A bullet snapped past Repetto’s ear as he struggled to unholster his revolver. His hands, his fingers, felt clumsy and insensitive. He seemed to be in a different, slower time frame than the man with the rifle.

Another shot-not as loud.

The wounded cop was sitting up, firing his 9mm at the Sniper. The gun was bucking in his hand.

Suddenly realizing he was in a cross fire, the Sniper leaped from the platform onto the tracks and sprinted toward the adjacent platform for trains running the opposite direction.

A play of light and press of wind, and Repetto realized a train was roaring in from that direction on momentum, trying to make its last stop as the system shut down.

He realized it was a break for the Sniper. If he made it to the opposite platform, he’d be on the other side of the incoming train and could make his getaway.

And he was going to make it.

Not only that, he was on a lower plane now and Repetto couldn’t get a bead on him through the people lying and kneeling on the platform. Both he and the wounded cop had stopped shooting. There was no choice. Repetto had completely lost sight of the Sniper now.

The bastard was going to make it!

The Sniper knew he had it timed. As he bolted to cross in front of the oncoming train, he paused and turned to send a final bullet in the direction of Repetto, so he’d duck his head and not make a lucky shot with a handgun from that distance.

Simple risk management. How he’d survived for so long and would continue to survive and taunt his pursuers.

The rifle cracked. No chance of actually hitting Repetto, but that wasn’t the purpose of the shot. The Sniper saw Repetto lower his handgun and duck, as if on cue.

No, on cue. It was the Sniper directing this scene.

Seeing Repetto, seeing the oncoming train, seeing everything, he spun back around, lowering the rifle, and took a few confident strides, knowing his timing was perfect.

“You! Hey, bro!”

The voice again. Not a cop. Not “Hey, bro!”

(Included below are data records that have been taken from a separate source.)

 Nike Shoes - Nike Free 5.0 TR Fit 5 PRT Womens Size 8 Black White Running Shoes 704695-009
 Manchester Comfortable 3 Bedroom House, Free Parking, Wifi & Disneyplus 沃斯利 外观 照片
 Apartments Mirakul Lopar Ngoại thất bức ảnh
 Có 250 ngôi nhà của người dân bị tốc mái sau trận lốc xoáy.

The Sniper turned his head and saw a ragged homeless man. A freak, an outcast, but someone vaguely and achingly familiar.

“Hey, bro! Brother!”

Brother? Who was he?

The man raised an arm, and at first the Sniper thought he might be aiming a gun at him. But the man’s hand was empty. He simply stretched out his arm and spread his fingers wide, as if trying to reach across time and distance and touch him. As if trying to make any kind of human contact.

He did touch something.

The Sniper felt it in his heart, in his core.